73 Lab: Modeling professor attractiveness and course evaluations

Why are hot professors “better” teachers?

At the end of most college courses, students are asked to evaluate the class and the instructor—usually anonymously, often hastily, sometimes with one hand already on the doorknob. These are often used to assess instructor effectiveness, allocate merit raises, and sometimes even decide whether people keep their jobs.

But are course evaluations actually measuring teaching quality? Or are they picking up on other things—like a professor’s appearance?

In a now-classic economics paper, Daniel Hamermesh and Amy Parker looked at whether professors who are considered more physically attractive get higher evaluation scores. The short answer? Yeah, they do. You can read their study here.4 The dataset we’ll use comes from a slightly modified version of the replication data included with Data Analysis Using Regression and Multilevel/Hierarchical Models by Gelman and Hill.

In this lab, you’ll explore that dataset—focusing on one predictor at a time—to get a feel for how linear models behave, how to interpret them, and how to visualize their results.
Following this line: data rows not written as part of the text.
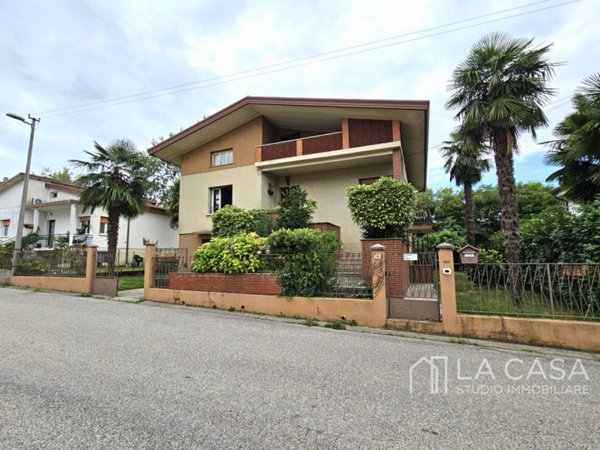 casa indipendente in vendita a Pordenone in zona Borgomeduna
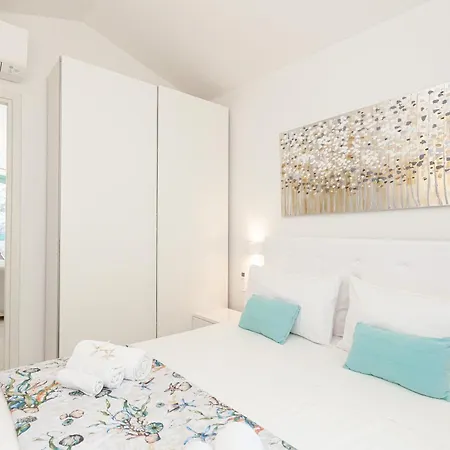 White Pearl - 1 Minute To The Sea Willa Puntaldia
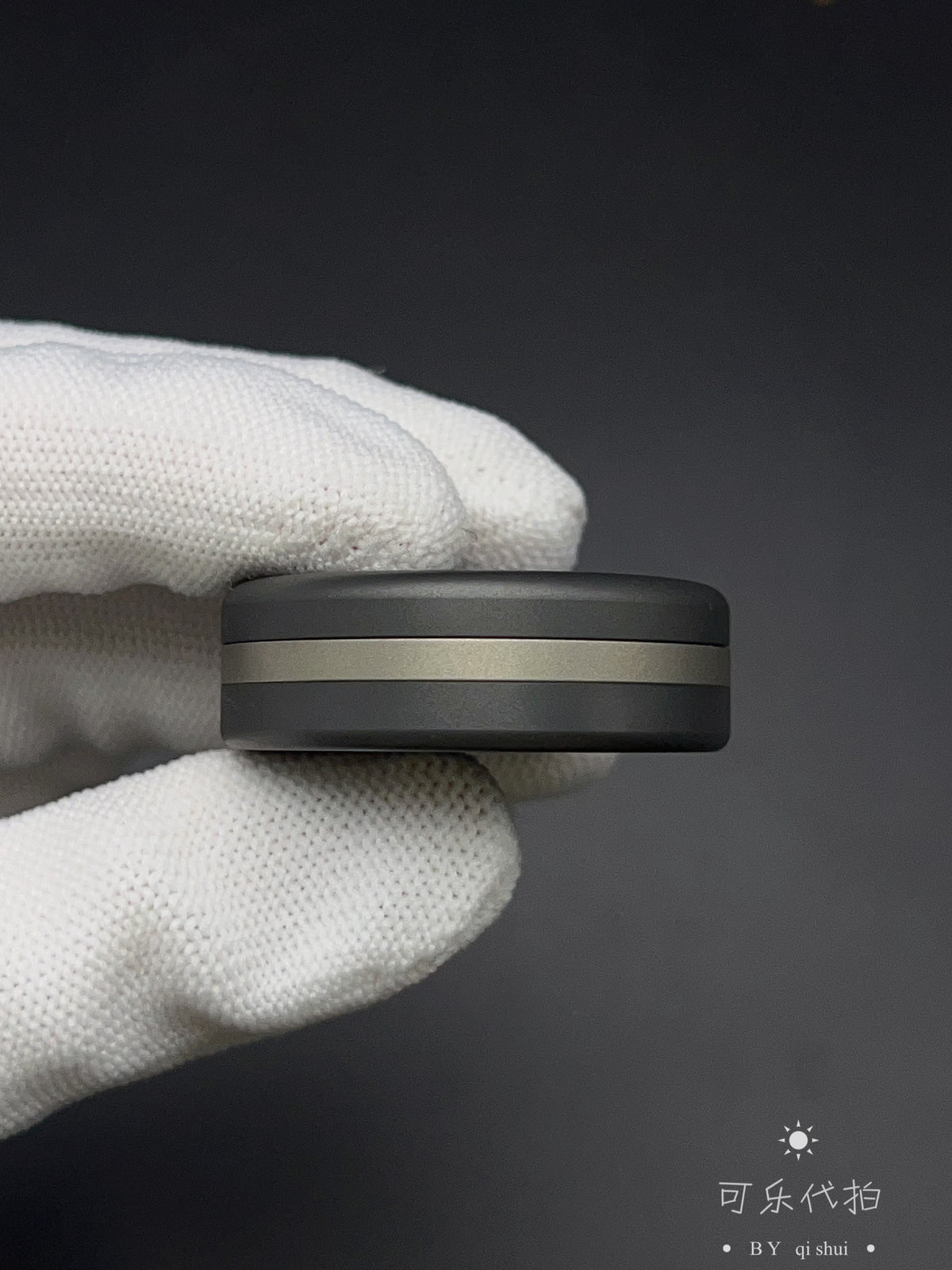 Pig Zirconium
Along the way, you’ll also get a preview of just how messy “evaluation” can be when the outcome depends on variables that have nothing to do with teaching.

Packages

We’ll use tidyverse, openintro, and broom to wrangle, model, and tidy up our regression output.

library(tidyverse)
library(broom)
library(openintro)

The data

The dataset we’ll be using is called evals from the openintro package. Take a peek at the codebook with ?evals.

Exercises

Part 1: Exploratory Data Analysis

  1. Visualize the distribution of score. Is the distribution skewed? What does that tell you about how students rate courses? Is this what you expected to see? Why, or why not? Include any summary statistics and visualizations you use in your response.

  2. Create a scatterplot of score versus bty_avg (a professor’s average beauty rating). Describe any pattern you observe—does there appear to be a trend, clustering, or wide variation? Don’t overthink it; just describe what you see.

Hint: See the help page for the function at http://ggplot2.tidyverse.org/reference/index.html.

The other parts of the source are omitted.